Perhaps Iago’s most sorrowful victim of all is Othello himself. Through strong imagery and language, Iago manages to manipulate Othello into believing that Desdemona has indeed deceived him. Iago begins his manipulation by means of an outburst which he then tries to take back, “Ha! I like not that!” (3.3.34) referring to Othello and him seeing Desdemona and Cassio speaking alone. This outburst guarantees Othello’s attention and Iago can begin passing out his “medicine.” Iago identifies Othello’s weaknesses being jealousy and temper. He uses multiple tactics to draw these emotions out into the open. Iago begins to lodge bits of doubt into Othello, asking why Cassio steals away from them looking guilty. (3.3.48) Iago replays Brabantio’s initial warning reminding Othello that “She did deceive her father, marrying you; And when she seemed to shake and fear your looks/She loved them most.” (3.3.207-208). Their secret marriage links to Shakespeare’s Romeo and Juliet where Juliet eloped with her Romeo, therefore deceiving her father. Their marriage went against the society of their time and ended in both of their deaths. In a way the secret marriage of Desdemona and Othello foreshadows a fatal outcome when compared to the fates of Romeo and Juliet. When Othello asks for proof, Iago tells him of how Cassio once lay next to him and in the night spoke of entering into adultery with Desdemona. “I lay with Cassio lately … fate that gave thee to the Moor.’” (3.3.414-427) He uses sexual imagery of how Cassio tried to kiss him and give himself to Iago. This further angers Othello. Iago also mentions seeing Cassio wipe his beard with the handkerchief that Othello had given to Desdemona. When Desdemona cannot produce the handkerchief (as Iago has stolen it) Othello’s suspicions become greater, as does his jealousy. In Act 4 Scene 1 Othello is in hiding and sees Bianca approach Cassio with his handkerchief, in Othello’s eye’s this confirms his suspicion. Hearing Iago and Cassio speak of Bianca in such derogatory terms, by referring to as “poor rogue” “monkey”, and referring to her actions of how she threw herself at him (4.1.128-131),he believes that they speak of Desdemona, angering him further. Iago convinces Othello that Desdemona needs to be killed. “If you are so fond over her iniquity, give her patent to offend;/for if it touch not you, it comes near nobody.” (4.1.186-187)
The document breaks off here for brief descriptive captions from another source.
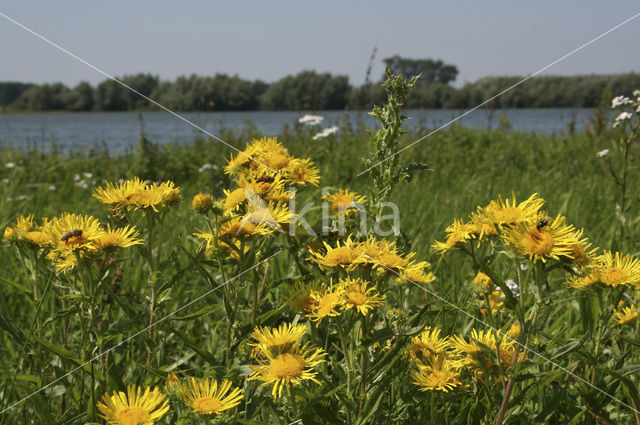 British Fleabane (Inula britannica)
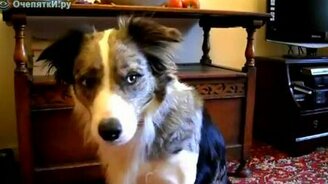 Пёс показывает язык - смотреть видео (0:26)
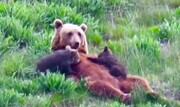 تصاویر بی‌نظیر شیر خوردن توله خرس‌ها در پارک ملی گلستان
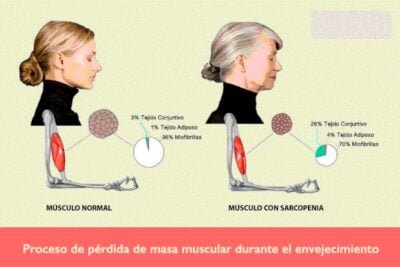 como se relacionan los androgenos con el envejecimiento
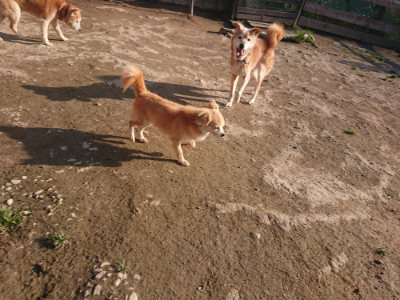 f:id:roukenhome-ann:20190404053852j:plain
Seeing the way that Iago has managed to manipulate and deceive each and every character in Othello by recognizing their vulnerability and weaknesses, we see how each deception played a part in Othello’s downfall through the exploitation of their weaknesses. Iago played on their weaknesses and used them to heighten Othello’s jealousy and temper which ultimately led to his downfall. So although it was the hero’s own flaws that in the end did lead to his end, it was indeed Iago who initiated the coming out of these flaws and had done everything he possibly could to bring Othello down as we see in the final scene where Othello’s anger and jealousy set off by Iago, lead to him killing his wife and himself. As Iago’s role of being the clever villain leads to Othello’s demise, we can therefore say that it was indeed achieved out of cunning the other characters into trusting him, deceiving Othello into believing that Iago was indeed “honest” , hatred towards Cassio and Othello which bloomed out of jealousy; and good fortune.